*** Block opens ***

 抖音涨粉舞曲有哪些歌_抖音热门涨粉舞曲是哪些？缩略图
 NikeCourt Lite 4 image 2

*** Block closes ***
*** Block opens ***

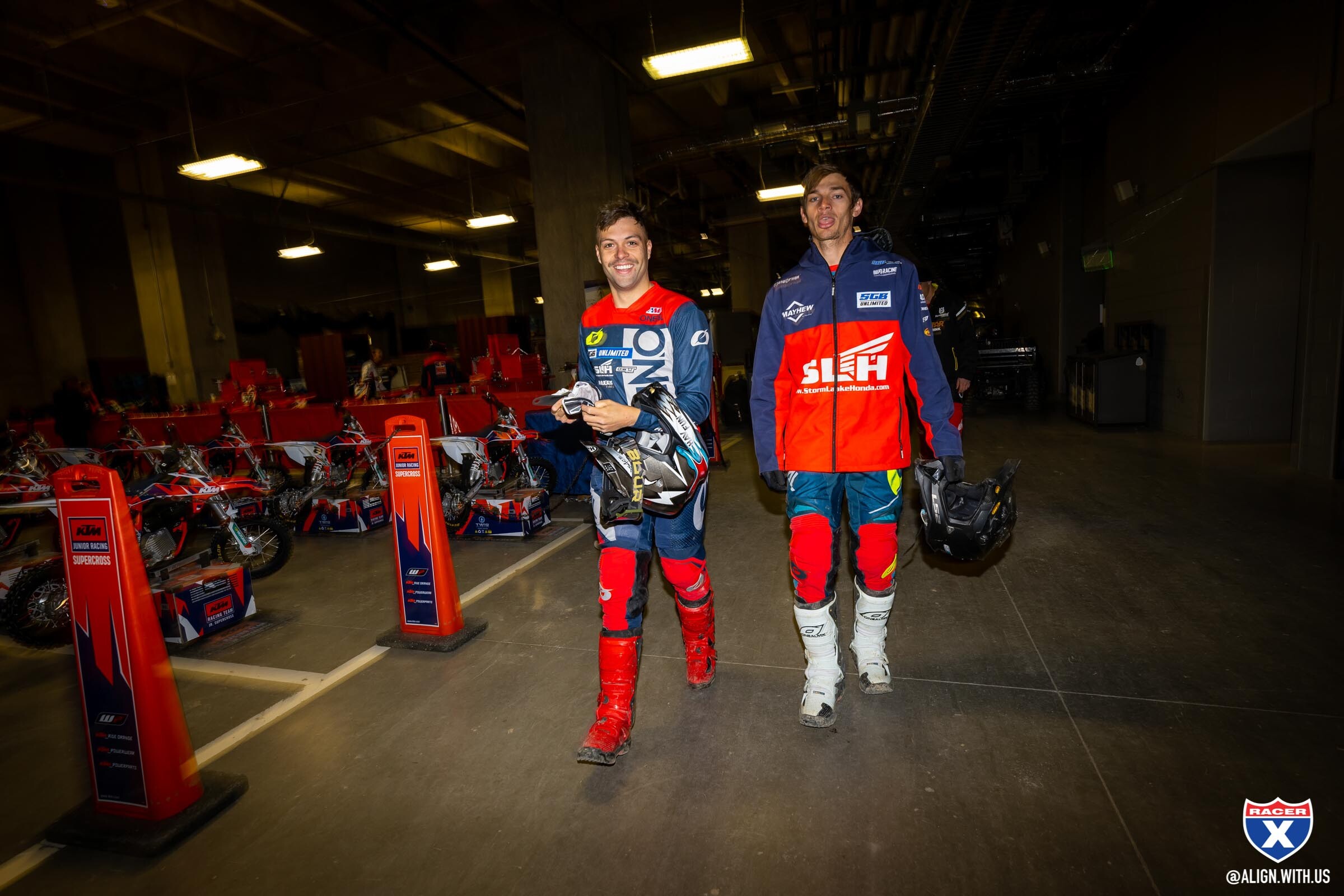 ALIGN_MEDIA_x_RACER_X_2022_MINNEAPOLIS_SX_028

*** Block closes ***

■ EXERCISE PROMPT ■
All that belongs in your answer is the stretch of entries above from the line with "抖音涨粉舞曲有哪些歌_抖音热门涨粉舞曲是哪些？缩略图" through the line with "NikeCourt Lite 4 image 2", printed exactly.

■ EXERCISE RESPONSE ■
 抖音涨粉舞曲有哪些歌_抖音热门涨粉舞曲是哪些？缩略图
 NikeCourt Lite 4 image 2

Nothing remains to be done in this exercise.